Meet the Other Phone. Flexible and made to last.

Meet the Other Phone.
Flexible and made to last.

Buy now

Please or to access all these features

AIBU?

Share your dilemmas and get honest opinions from other Mumsnetters.

AIBU - is it my fault my child is being teased ?

107 replies

LankySara · 15/04/2017 00:24

I just had a massive argument with DDs dad.

My DD has a severe language disorder and has been recently introduced to a high tec communication system, e.g. When you press certain keys it talks. There was an incident where DD was being taunted by the other kids by using it. I told DDs dad about this and he went ape he then began to tell me "That she should stop using it at once, if I carry on using it in public or wherever and she gets bullied then it's my fault, that I want his child to stay dumb, that he will teach her to speak normally, that he knows it will help her to speak but she won't be using it everywhere, if we are out and people look at us funny (when she uses it) then I shouldn't be surprised if people look at us funny..l".

When I tried to explain to him that it will help to talk more verbally, he began to call me "stupid, that I don't get it".

Sad AIBU ? Should I stop using DDS talking device in public if she's at risk of ridicule ? Is it my fault that she got bullied ??

OP posts:
Italiangreyhound · 15/04/2017 02:16

Of course it is not your fault she is being bullied.

If he is so keen to help her to speak 'normally', let him try.

Where did the bullying take place, was it at school, if so then school should be dealing with it. If it was a social club, etc, then ditto.

How old if your dd? She can take charge of the machine herself, to some degree, maybe you could programme in some set replies to the machine. If you don't understand this just ask me? Or something like that. Also, just maybe, the manufacturers could advise on education for your dds school so other kids see this as just a normal piece of equipment, etc.

Italiangreyhound · 15/04/2017 02:17

"I'm worried about using it in public as people do look at us when I use it with her."

What do you mean by public? in the street, at school?

School seems a logical place.

In the street, maybe build up to it.

Italiangreyhound · 15/04/2017 02:22

LankySara "DDs would not go to see the speech therapist, his too proud. He did have a chance too but he had work." Does this mean your dd's dad is too proud to go to the speech therapist?

I think your partner needs to come to terms with the fact his dd has a problem with speech and he needs to get on board in finding ways that will be helpful to her.

It's nothing to be ashamed of and I don't understand how anyone could be too proud to help his child.

I wonder if maybe he is too scared?

maybe it's new to him and he doesn't know how to cope. He wasn't expecting this. I am guessing you were not either.
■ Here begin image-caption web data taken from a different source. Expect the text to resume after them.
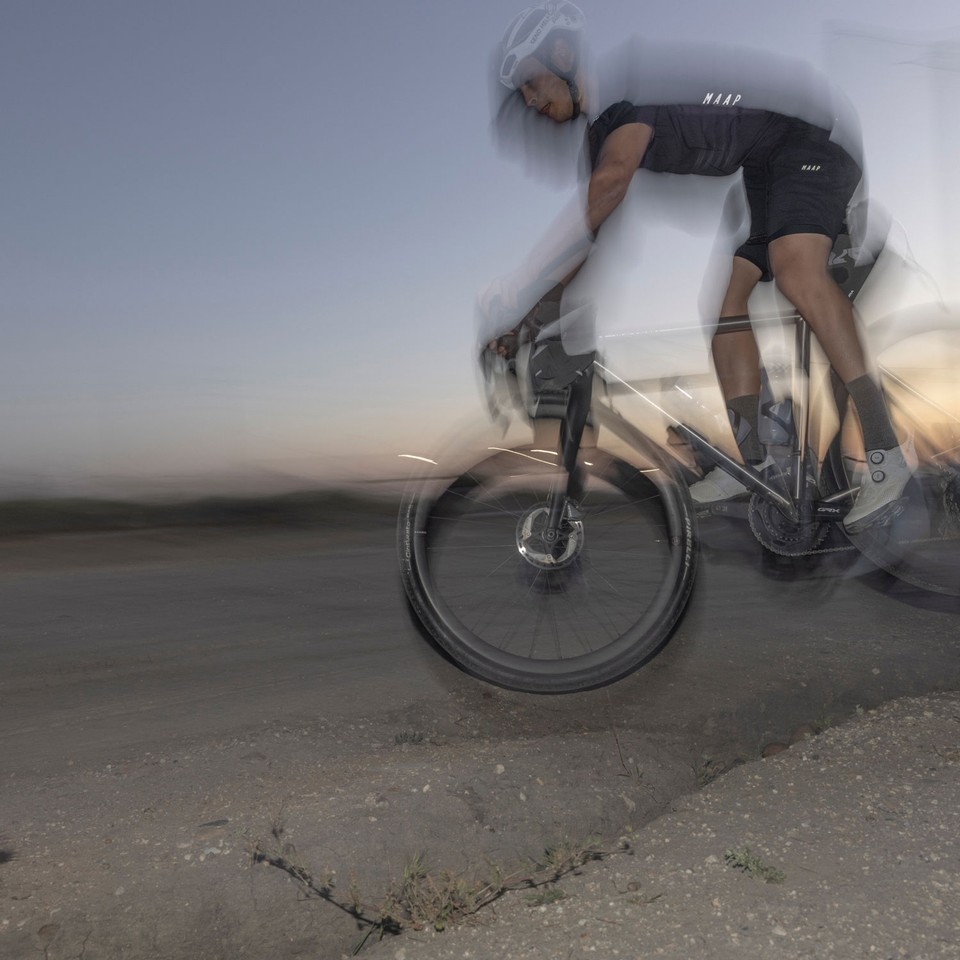 3. London Docklands and Lea Valley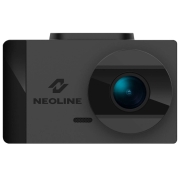 Изображение товара Видеорегистратор Neoline G-Tech X32
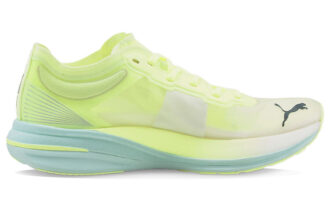(WMNS) Deviate Nitro Elite “Azul Nitro Claro Efervescente”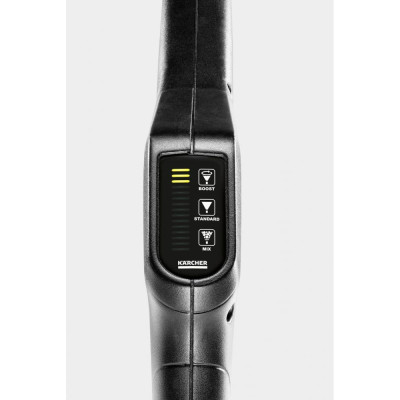 Мінімийка високого тиску Karcher K 2 Battery (1.117-220.0)
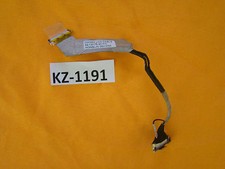 Fujitsu Amilo Mini Ui 3520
But maybe as the main carer (if you are) or maybe as a mum, you've come to terms with it quicker than he has.

Help him to get on board.

TestingTestingWonTooFree · 15/04/2017 05:17

He sounds like a selfish prick. Why would you disable your child to avoid curious looks? People do notice things that are different/unusual, that shouldn't be a huge problem. The bullying was solely the responsibility of the bullies.

LouKout · 15/04/2017 06:02

Would he be the same if she needed glasses or a hearing aid, or a stick?

Its all about his ego. And a lack of understanding. I have relatives who told.me.off for teaching DD to use photo cards as i "should have just taught her to speak". I wish.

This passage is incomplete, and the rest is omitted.